Soumission anonyme à MTL Contre-info
Extraits choisis d’un zine à paraître le 8 novembre 2025 au Centre social l’Achoppe de 19h à 23h
Ce zine rassemble des fragments d’histoires, des souvenirs épars, des réflexions, des anecdotes, des traces ; des bouts de mémoire intime et collective autour d’un lieu bien réel et singulier.
Installée dans Hochelag, l’espace qu’on appelle aujourd’hui l’Achoppe est né d’une suite de rencontres, de rêves d’autonomie, de nécessités, de conflits, de fêtes, de rénos improvisées, de fatigue partagée, de luttes portées. Autrefois nommé le Rhizome, il a traversé les années comme un lieu mouvant : appartement collectif, espace d’organisation politique, salle de show, atelier de pantenteux.ses, brasserie artisanale, point de chute temporaire ou port d’attache durable.

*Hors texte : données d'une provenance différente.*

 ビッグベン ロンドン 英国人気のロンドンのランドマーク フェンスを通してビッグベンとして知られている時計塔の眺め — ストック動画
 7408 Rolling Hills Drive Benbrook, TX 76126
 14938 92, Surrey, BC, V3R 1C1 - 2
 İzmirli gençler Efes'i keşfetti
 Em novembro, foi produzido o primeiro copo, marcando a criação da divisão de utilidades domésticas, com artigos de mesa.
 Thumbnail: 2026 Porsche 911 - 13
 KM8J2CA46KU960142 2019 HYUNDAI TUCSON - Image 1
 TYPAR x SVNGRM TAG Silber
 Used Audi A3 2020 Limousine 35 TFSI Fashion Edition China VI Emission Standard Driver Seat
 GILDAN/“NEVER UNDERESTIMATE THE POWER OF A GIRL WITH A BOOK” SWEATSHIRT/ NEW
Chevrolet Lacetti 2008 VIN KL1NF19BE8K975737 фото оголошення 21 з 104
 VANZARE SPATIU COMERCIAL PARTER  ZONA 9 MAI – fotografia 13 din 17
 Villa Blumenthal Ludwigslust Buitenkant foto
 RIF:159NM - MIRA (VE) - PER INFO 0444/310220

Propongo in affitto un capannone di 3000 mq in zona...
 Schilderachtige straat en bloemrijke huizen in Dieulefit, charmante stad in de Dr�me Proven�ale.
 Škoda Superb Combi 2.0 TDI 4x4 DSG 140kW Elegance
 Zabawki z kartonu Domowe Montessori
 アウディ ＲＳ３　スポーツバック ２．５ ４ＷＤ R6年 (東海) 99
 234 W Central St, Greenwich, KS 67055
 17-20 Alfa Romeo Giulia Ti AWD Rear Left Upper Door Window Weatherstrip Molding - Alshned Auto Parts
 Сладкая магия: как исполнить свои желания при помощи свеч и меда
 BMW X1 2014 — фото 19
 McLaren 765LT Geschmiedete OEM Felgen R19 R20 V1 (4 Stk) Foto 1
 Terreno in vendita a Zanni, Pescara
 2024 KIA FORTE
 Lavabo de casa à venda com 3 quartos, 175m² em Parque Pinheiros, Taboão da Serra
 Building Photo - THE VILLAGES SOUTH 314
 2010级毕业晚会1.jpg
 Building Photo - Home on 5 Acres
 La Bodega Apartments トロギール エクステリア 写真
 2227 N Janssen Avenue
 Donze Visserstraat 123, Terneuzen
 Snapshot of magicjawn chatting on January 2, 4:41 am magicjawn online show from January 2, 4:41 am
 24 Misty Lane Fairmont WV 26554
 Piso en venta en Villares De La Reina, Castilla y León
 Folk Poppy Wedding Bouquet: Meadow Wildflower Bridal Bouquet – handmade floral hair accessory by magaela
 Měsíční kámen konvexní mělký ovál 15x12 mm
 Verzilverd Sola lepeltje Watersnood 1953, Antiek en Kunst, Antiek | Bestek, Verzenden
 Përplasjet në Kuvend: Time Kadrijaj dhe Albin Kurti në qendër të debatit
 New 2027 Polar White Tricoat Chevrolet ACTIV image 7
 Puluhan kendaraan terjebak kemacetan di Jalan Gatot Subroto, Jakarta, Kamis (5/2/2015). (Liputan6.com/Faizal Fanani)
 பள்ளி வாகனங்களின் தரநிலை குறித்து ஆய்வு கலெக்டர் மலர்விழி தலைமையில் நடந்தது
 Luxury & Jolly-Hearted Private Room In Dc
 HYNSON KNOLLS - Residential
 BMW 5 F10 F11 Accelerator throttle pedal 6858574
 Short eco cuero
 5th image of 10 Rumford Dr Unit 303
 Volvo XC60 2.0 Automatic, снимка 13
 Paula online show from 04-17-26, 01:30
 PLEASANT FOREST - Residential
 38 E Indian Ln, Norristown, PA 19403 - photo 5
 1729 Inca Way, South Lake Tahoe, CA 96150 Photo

Les voix présentées ici sont multiples. Ce sont celles de personnes qui ont vécu ce lieu, ce projet à différentes époques, sous différentes formes, parfois intensément, parfois en passant. On y lit les tensions, les deuils, les joies, la fatigue, mais surtout l’attachement. L’ensemble dessine un portrait en rhizome, éclaté et vivant.
Cet assemblage ne prétend pas tout dire. Il est un instantané subjectif, partial, joyeusement inexact. Il ne souhaite pas en documenter l’histoire comme une archive figée, mais comme une mémoire en mouvement — une mémoire vivante, politique, affective et située.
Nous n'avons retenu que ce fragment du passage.